Biodegradation of crude oil in subsurface petroleum reservoirs is an important alteration process affecting most of the world's oil deposits. The process preferentially removes light components from conventional oil to form heavy oil and tar sands, which are more difficult to produce and are more costly to refine. Although reservoir temperature is a key control on biodegradation, large variations in oil properties have been documented in accumulations from similar depths within a play area.
Data from the Liaohe Basin, NE China and other basins in China and elsewhere, indicate that biodegradation is most active in a narrow zone at or near the base of the oil column in contact with the water leg. The availability of nutrients from mineral dissolution within the water leg is also thought to have a significant impact upon the degree of biodegradation. Thus the level of biodegradation increases with water leg thickness. Charge history and in-reservoir mixing, of continuously charged oil with residual biodegraded oil also have a significant impact on oil physical properties.
The conceptual biodegradation model proposed combines geochemical and geological factors to provide a coherent approach to estimate the impact of degradation on petroleum and to help reliably predict biodegradation risk at the prospect level. Our geochemical approach can be used to locate sweet-spots (areas of less degraded oil), optimize the placement of new wells and completion intervals and help with production allocation from long production wells.

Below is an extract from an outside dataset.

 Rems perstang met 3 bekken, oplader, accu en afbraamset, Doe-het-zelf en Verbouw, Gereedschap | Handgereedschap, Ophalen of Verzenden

Biodegradation has a large influence on oil physical properties, which typically reduces oil producibility by increasing oil viscosity. Viscosity and density are key properties for the evaluation, simulation, and development of petroleum reservoirs. In order to develop and manage heavy oil fields cost effectively, it is essential to understand the variation in petroleum fluid properties, especially viscosity throughout each reservoir within a field. A variety of studies demonstrated how oil properties in biodegraded oil accumulations can be predicted from core and cutting extracts prior to well testing using geochemical parameters sensitive to biodegradation1–5. McCaffrey et al. 2 identified geochemical parameters that are sensitive to the degree of oil biodegradation and to the quantity of the secondary charge and then developed transforms that related those geochemical parameters to oil quality. Those transforms were used to predict oil quality from geochemical analysis of sidewall cores. Smalley et al. 3 used a similar approach to predict oil viscosity in a biodegraded heavy oil accumulation. Guthrie et al. 4 developed a predictive model of oil quality based on a sample set of produced oils from Venezuela for predicting viscosity, API gravity, and sulphur content in oil-stained sidewall cores where these properties cannot be measured directly. Koopmans et al. 5 analyzed oils from a single oilfield in the Liaohe basin, NE China. They found the large variations in viscosity across the field can be explained by mixing, to various extents, of heavy biodegraded oils with less degraded oils. They established a simple binary mixing model, which may assist in predicting the viscosity of reservoired oils before production.